Daily Market Review — 27/08/2015
Revised US GDP Data Will Be In the Focus Today
In yesterday’s trading the pair showed a negative trend, which was caused by the publication of positive statistics on durable goods orders in the United States. The US currency was also supported by the stabilization in global stock markets. According to presented data, durable goods orders turned better than analysts’ expectations, which show the strong recovery by the US economy. Today market participants’ attention will be focused not so much on European statistics but rather the revised estimate of US GDP for the second quarter, which is scheduled for 12:30 (GMT). Market participants will also pay attention to the publication of data on the US labor market, namely the initial jobless claims. Additionally, the Jackson Hole Symposium starts today, and the representatives of the US Federal Reserve will take part in it.
Resistance: 1.1358, 1.1396, 1.1559
Support: 1.1289, 1.1242, 1.1189
During yesterday’s trading session the pair showed mixed trends. It should be noted that the stabilization of world stock markets has led to a decrease in the attractiveness of the Japanese currency as a safe asset. Yesterday the pair was influenced by the data on US durable goods orders, which exceeded analysts’ expectations. The data on the US labor market and the revised estimate of US GDP will be published today at 15:30 (GMT). Market participants’ attention will also be focused on the inflation report in Japan as well as data on unemployment and retail sales. Publication of the above economic statistics scheduled today at 23:30 (GMT).
Resistance: 120.41, 121.27, 121.80
Support: 119.81, 118.43, 116.18
During yesterday’s trading the major US stock indexes recovered the losses from the previous two sessions. This was caused by positive economic statistics on durable goods orders in the US, which showed that the level of optimism among manufacturing companies is growing. Stock indices also got some support by a speech of the Fed member Dudley, saying that the probability of a rate hike in September at this stage looks is less likely than a few weeks ago. Concerns about the economic situation in the country, as well as fears of a global slowdown could force the Fed to delay its decision on raising interest rates.

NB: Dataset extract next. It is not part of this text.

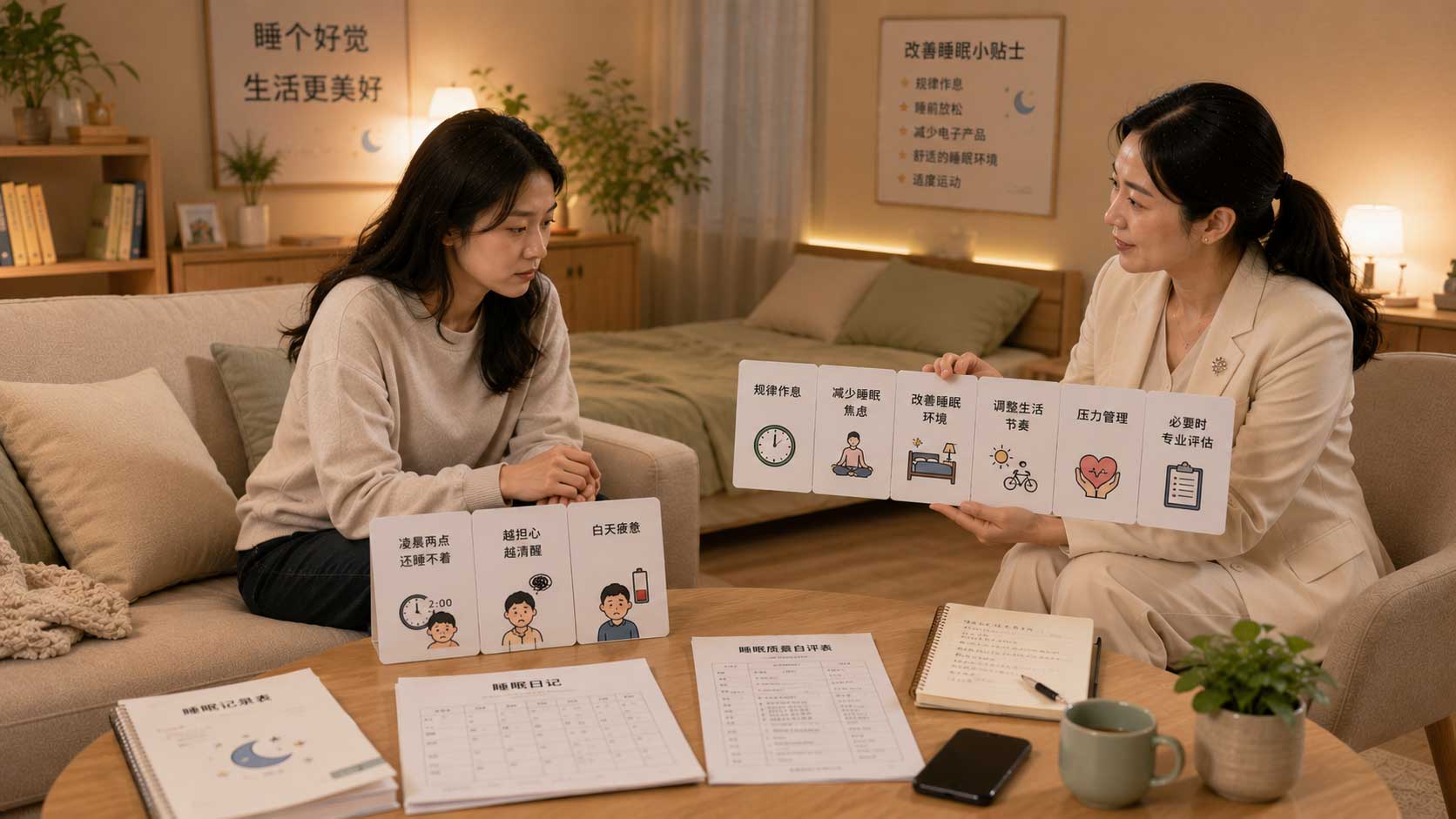 晚上总是睡不着怎么办？停止和睡眠对抗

Resistance: 1949.10, 2007.91, 2046.55
Support: 1922.48, 1875.25, 1830.60
Light Sweet Crude Oil
Oil quotes were trading with mixed trends yesterday. Markets had been waiting for statistics on crude oil inventories from the US Department of Energy. According to the data, inventories fell last week by 5,452 million barrels. The median forecast of analysts anticipated an increase in inventories by 2 million barrels. Such data provided temporary support to oil quotations. And with that, the volume of oil inventories in the US is at multi-year highs. Investors are concerned about the oversupply in the world market. Therefore, most analysts are revising their forecasts for oil prices for the rest of the year.